Sulla via del ritorno, con una media dei 35 Km/ora (tornanti vari) impiegai oltre 4 ore, mentre la testa del corvo spunta sempre dal buco del cartone legato sul portapacchi , vigile e interessato al percorso. Ogni ora mi fermavo e gli parlavo.

Nella tappa sul lago d’Iseo comprai due pesche, una per me e una rotta in tre pezzi che Checco – il diminutivo camuno di Francesco- ingollò felice. Da allora fummo amici: a casa lo lasciai libero in cortile, da dove ogni tanto decollava per i primo voli, poi iniziò le sue battaglie coi vicini di casa, volando nelle finestre , e quando lo trovavano in camera da letto, mentre trafugava monetine, anellini e tutto ciò che brilla erano guai. Sorpreso dai padroni di casa sul comò allargava le ali spalancando il becco emettendo un furioso Craa-craa ! Solo con la scopa tornava in cortile per infilare il maltolto nei buchi della vecchia muraglia. Dovevamo recuperare gli oggettini e le monete e scusarci ogni volta con i vicini. Durante un’influenza che mi tenne a letto per tre giorni Checco rimase appollaiato sul capezzale ininterrottamente ; mia madre ogni tanto doveva pulire i guano che cadeva a terra.Ogni mattina, saliva nella mia camera e mi svegliava beccando con delicatezza il lobo dell’orecchio e sentivo il suo fiato caldo sulla faccia. Insomma eravamo una coppia affiatata, anche nel senso letterale. Ubbidiva e si lasciava pendere solo da me. I guai aumentarono quando prese l’abitudine di divertirsi a fare cadere in terra i bicchieri lasciati vuoti dai clienti dell’osteria sul tavolo di cemento in cortile. Prendeva col becco il picchiere vuoto, zampettava sull’orlo e lo lasciava perché si frantumasse in terra: a quel rumore di vetri infranti allargava le ali e emetteva dei felici Craa –Craa, vere e proprie risate.

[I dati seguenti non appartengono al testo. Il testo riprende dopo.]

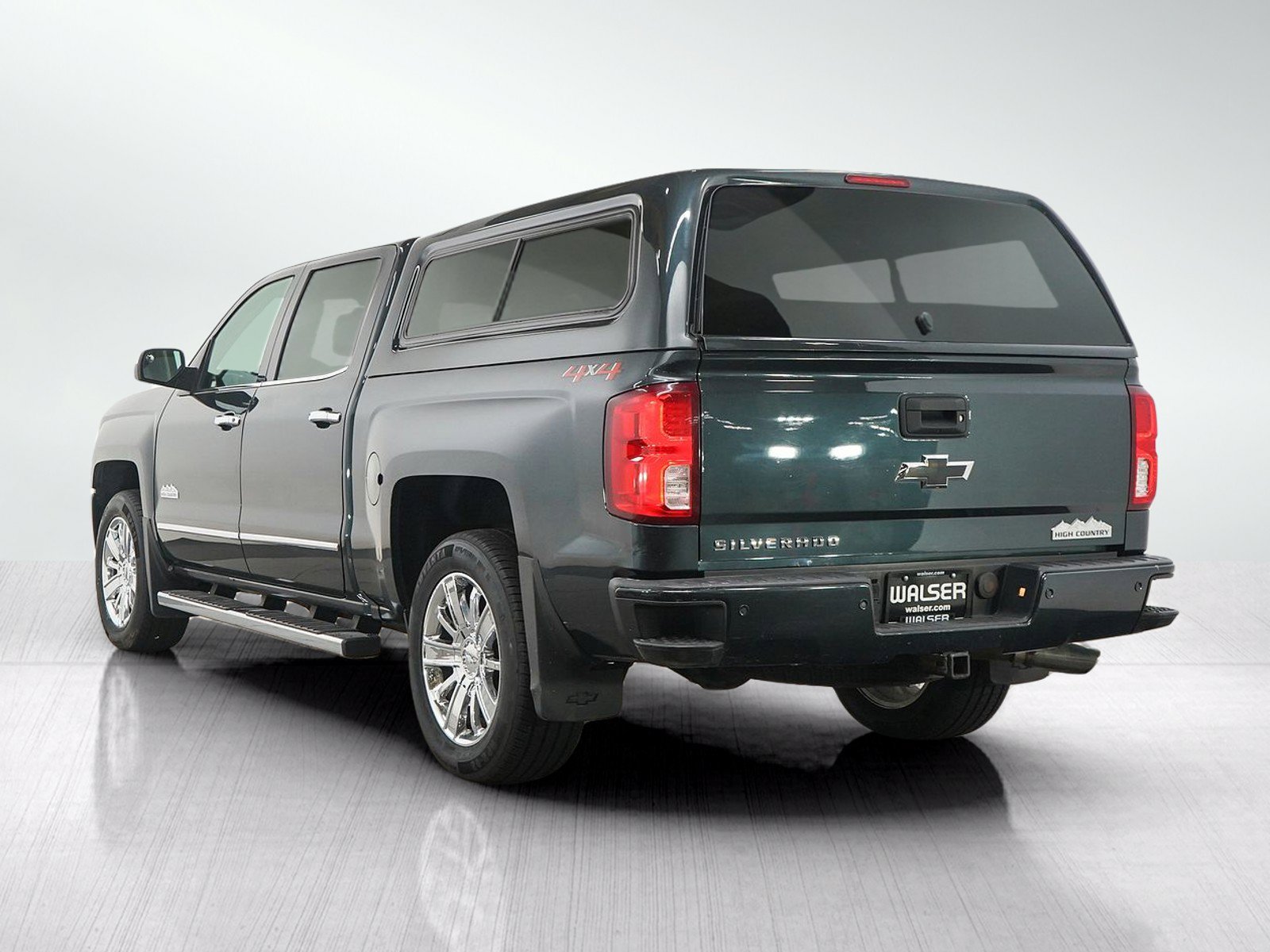 Used 2018 Chevrolet Silverado 1500 High Country AWD/4WD image 3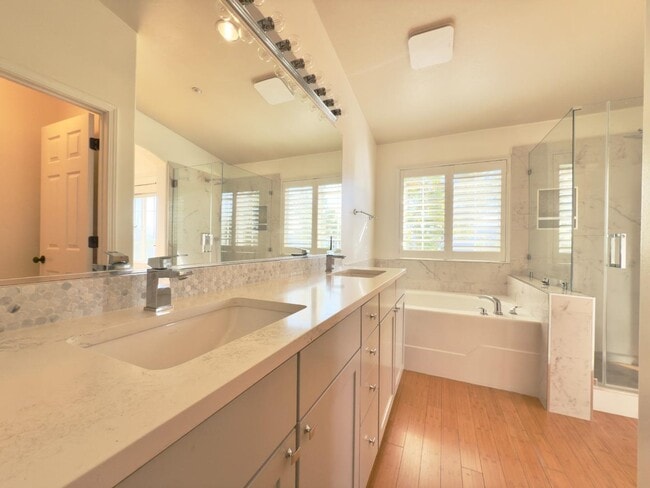 Building Photo - 499 Casselino Dr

I miei genitori, stanchi dei lamenti dei vicini mi convinsero a prenderlo e io; come Giuda, lo chiamai dal tetto e lui si pose sulla mia spalla e lo consegnai a dei contadini che erano giunti per “portarlo in campagna”. Sapevo che non lo avrei perso per sempre. Seppi poi che fu ucciso a sassate dai ragazzi della cascina.